Le mouvement humain, animal, des objets, des fluides, de l’air, de l’eau, etc., a fasciné depuis toujours l’être humain qui a rêvé de le fixer, de l’enregistrer. Les premiers appareils de la méthode graphique y parviennent mais c’est la « photographie animée », apparue à la fin du XIXe siècle, qui va permettre d’assouvir réellement ce vieux fantasme : piéger l’image auparavant fugitive de la « camera obscura ».

Le physiologiste Etienne-Jules Marey, avec ses premières caméras à plaques de verre puis à pellicule, avec ses quelque 600 films tournés à partir de 1889, est le premier « réalisateur » du siècle. Le Cinématographe Lumière, en 1895, un appareil à triple fonction – caméra, projecteur, tireuse – offre la possibilité de filmer les scènes de la vie quotidienne. Le prestidigitateur Georges Méliès, avec sa propre caméra, fusionne la magie et le cinéma : les « effets spéciaux » ou « films à trucs » bouleversent le spectacle cinématographique. Des industriels du monde entier commercialisent ensuite d’excellents appareils : Gaumont, Pathé et Continsouza, Debrie, Eclair, Ernemann, Bell & Howell, Mitchell, etc.

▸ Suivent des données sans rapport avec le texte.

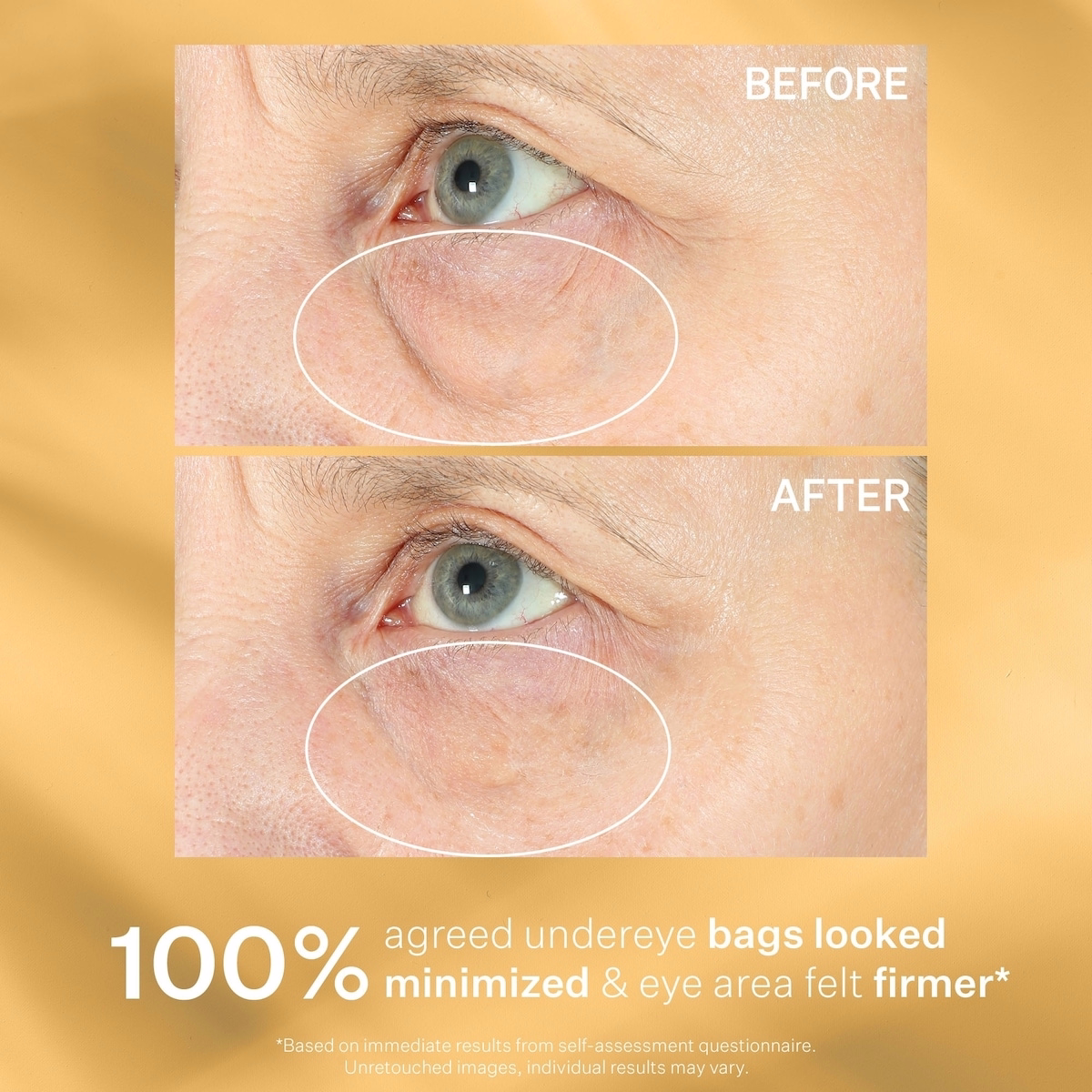 Hyperlift Eye™ 即效眼部修護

Au départ, les mécanismes d’entraînement de la pellicule étaient nombreux (griffes, chiens, came battante, rouleau semi-évidé, roue à rochet, etc.), puis c’est le mécanisme à griffes préconisé par Louis Lumière qui finit par s’imposer. La pellicule se standardise et on abandonne les formats obsolètes (58 mm Gaumont, 68 mm Biograph…).

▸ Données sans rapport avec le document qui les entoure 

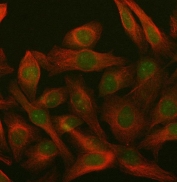 Immunofluorescent staining of FFPE human HeLa cells with PARP3 antibody (green) and Beta Tubulin mAb (red). HIER: steam section in pH6 citrate buffer for 20 min.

L’arrivée des « Talkies » en 1927 modifie les caméras, certaines permettent l’inscription du son sur la même pellicule qui porte les images, d’autres sont enfermées dans de lourds caissons insonorisés (le « blimp »). Le cinéma en couleurs, en relief, engendre aussi de profondes modifications. Pour obtenir des ralentis, on enregistre des images à haute fréquence (de 200 images/seconde à plus d’un million), ce qui donne naissance à des caméras à prisme rotatif et à pellicule fixe. On a toujours rêvé aussi de cinéma large et total. Durant les années 1950, le 70 mm (déjà esquissé au début des années 1930) modifie le cadre des images, de même que le CinemaScope et ses dérivés.

Le cinéma d’amateur, dès l’émergence du cinématographe, a conquis les foules : des milliers de caméras différentes, utilisant des formats divers (8 mm, super 8 mm, 9,5 mm, 16 mm, 28 mm), permettent aux familles de fixer de bons souvenirs, mais aussi à d’apprentis réalisateurs d’apprendre leur métier.

A partir de 1970, un ingénieur de Grenoble, Jean-Pierre Beauviala, révolutionne les techniques en créant d’excellentes caméras ergonomiques et silencieuses, équipées de time code. Un fabricant américain, Panavision, loue de somptueuses caméras de studio. Des fabricants allemands, Arnold et Richter (Arriflex), remportent un large succès avec leurs différents modèles d’appareils. Le numérique interrompt la course à l’amélioration des caméras argentiques : une nouvelle ère commence.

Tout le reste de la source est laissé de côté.